What is a buffalo wallow?

Buffalo wallows are depressions in land formed hundreds of years ago, when buffalo used to scrape the surface, roll and lie about.

Forming a wallow was a way for buffalo to shed their winter coats and protect against insect bites. By rolling around, a layer of dirt would form on the skin, serving as protection against insects. During mating season, buffalo would urinate in their wallows before rolling around to attract mates.

photo by: Lauren Fox

A buffalo wallow is pictured on Mike Moddrell’s land in southwest Douglas County on June 16.

Wallows typically ranged from 2 to 4 feet deep, Haines said, and could be anywhere from 6 feet to 75 feet across.

The ones on Moddrell’s land were on the lower end of the spectrum — about 6 to 8 feet across — and lacked depth.

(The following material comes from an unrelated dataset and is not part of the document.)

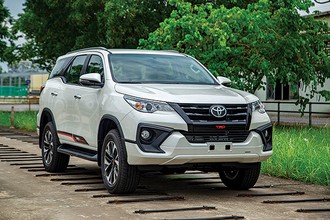 Toyota Fortuner giảm giá kịch sàn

“Just think of how this has filled in over 100-plus years. At one time, it was a deep one,” Moddrell supposed of one of the wallows on his land. “They would have had a ball in it.”

Haines said the wallows on Moddrell’s land are identifiable based on the compacted soil and sedge plants within. Sedge plants are commonly found in damp environments, like marshes, and have triangular stems. The compacted soil is evidence that the large animals — some males weighed over 3,000 pounds — had lain and wallowed on the spot.

photo by: Lauren Fox

Mike Moddrell, left, and Haskell Indian Nations University professor Chuck Haines, right, approach a buffalo wallow on Moddrell’s land in southwest Douglas County.

Typically, buffalo wallows hold rainwater. Prior to the formation of railroads, Haines said, travelers on the Santa Fe and Oregon trails would not have survived without the buffalo-formed water holes. But when the Santa Fe Railway was created, wallows had to be filled in before construction — or travelers would have had a bumpy ride, Haines joked.

The wallows on Moddrell’s land at times hold water, but last week, after about a week and a half without rain, they were dry.

In one, a deer had recently passed through, evidenced by a footprint.

photo by: Lauren Fox

A deer track was present in one of the buffalo wallows on Mike Moddrell’s land on June 16.

‘There’s not very much of the prairie left in Douglas County’

When Moddrell purchased his land about 20 years ago, he noticed the buffalo wallows right away.

Moddrell grew up on a farm in Coleman, Mo., northeast of Peculiar, and “we had (buffalo wallows) clear over in Missouri,” he said. Growing up and working on farms, Moddrell said that farmers would typically avoid the wallows, but Moddrell remembered the one time a farmer neglected to do so — and got stuck.

Haines has seen numerous buffalo wallows in Douglas County, but he rarely sees them on prairie land. He called the flora on Moddrell’s land “really diverse” and frequently paused to examine and smell the plants.

photo by: Lauren Fox

Haskell Indian Nations University professor Chuck Haines said Mike Moddrell’s land has a diverse collection of Kansas prairie flora.

“You got the full range of wetland plants, prairie plants … You don’t find stuff like this too often,” Haines said. “There’s not very much of the prairie left in Douglas County.”

Moddrell typically allows cattle to graze on his land and plans to bring them back in July, but last week the view on Moddrell’s land was simply one of swaying grass and rolling hills — and the buffalo of imagination.